Records:
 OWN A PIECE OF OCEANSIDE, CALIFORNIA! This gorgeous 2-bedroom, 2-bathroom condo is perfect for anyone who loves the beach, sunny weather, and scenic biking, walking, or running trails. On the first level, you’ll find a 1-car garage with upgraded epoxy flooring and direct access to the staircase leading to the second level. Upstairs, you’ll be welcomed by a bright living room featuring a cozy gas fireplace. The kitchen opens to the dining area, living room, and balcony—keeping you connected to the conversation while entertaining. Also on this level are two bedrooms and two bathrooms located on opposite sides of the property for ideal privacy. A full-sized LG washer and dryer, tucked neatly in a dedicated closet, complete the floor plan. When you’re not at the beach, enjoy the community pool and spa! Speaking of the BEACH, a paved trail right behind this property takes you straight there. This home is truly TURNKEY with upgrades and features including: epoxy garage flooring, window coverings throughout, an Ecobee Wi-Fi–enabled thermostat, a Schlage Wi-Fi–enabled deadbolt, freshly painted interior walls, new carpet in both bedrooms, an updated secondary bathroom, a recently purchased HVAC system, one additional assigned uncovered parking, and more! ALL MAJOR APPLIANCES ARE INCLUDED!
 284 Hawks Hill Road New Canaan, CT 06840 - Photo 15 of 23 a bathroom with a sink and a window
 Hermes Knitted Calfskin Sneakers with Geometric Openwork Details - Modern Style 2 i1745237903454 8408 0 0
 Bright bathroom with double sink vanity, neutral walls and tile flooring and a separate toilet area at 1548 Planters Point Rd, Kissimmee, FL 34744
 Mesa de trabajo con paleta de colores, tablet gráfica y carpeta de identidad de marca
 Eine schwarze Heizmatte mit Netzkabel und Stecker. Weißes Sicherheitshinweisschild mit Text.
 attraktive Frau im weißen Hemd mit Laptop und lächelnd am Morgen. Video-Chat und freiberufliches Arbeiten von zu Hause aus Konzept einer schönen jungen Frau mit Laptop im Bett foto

Assignment:
Retype all of the material exactly as it stands above.

Solution to the exercise:
 OWN A PIECE OF OCEANSIDE, CALIFORNIA! This gorgeous 2-bedroom, 2-bathroom condo is perfect for anyone who loves the beach, sunny weather, and scenic biking, walking, or running trails. On the first level, you’ll find a 1-car garage with upgraded epoxy flooring and direct access to the staircase leading to the second level. Upstairs, you’ll be welcomed by a bright living room featuring a cozy gas fireplace. The kitchen opens to the dining area, living room, and balcony—keeping you connected to the conversation while entertaining. Also on this level are two bedrooms and two bathrooms located on opposite sides of the property for ideal privacy. A full-sized LG washer and dryer, tucked neatly in a dedicated closet, complete the floor plan. When you’re not at the beach, enjoy the community pool and spa! Speaking of the BEACH, a paved trail right behind this property takes you straight there. This home is truly TURNKEY with upgrades and features including: epoxy garage flooring, window coverings throughout, an Ecobee Wi-Fi–enabled thermostat, a Schlage Wi-Fi–enabled deadbolt, freshly painted interior walls, new carpet in both bedrooms, an updated secondary bathroom, a recently purchased HVAC system, one additional assigned uncovered parking, and more! ALL MAJOR APPLIANCES ARE INCLUDED!
 284 Hawks Hill Road New Canaan, CT 06840 - Photo 15 of 23 a bathroom with a sink and a window
 Hermes Knitted Calfskin Sneakers with Geometric Openwork Details - Modern Style 2 i1745237903454 8408 0 0
 Bright bathroom with double sink vanity, neutral walls and tile flooring and a separate toilet area at 1548 Planters Point Rd, Kissimmee, FL 34744
 Mesa de trabajo con paleta de colores, tablet gráfica y carpeta de identidad de marca
 Eine schwarze Heizmatte mit Netzkabel und Stecker. Weißes Sicherheitshinweisschild mit Text.
 attraktive Frau im weißen Hemd mit Laptop und lächelnd am Morgen. Video-Chat und freiberufliches Arbeiten von zu Hause aus Konzept einer schönen jungen Frau mit Laptop im Bett foto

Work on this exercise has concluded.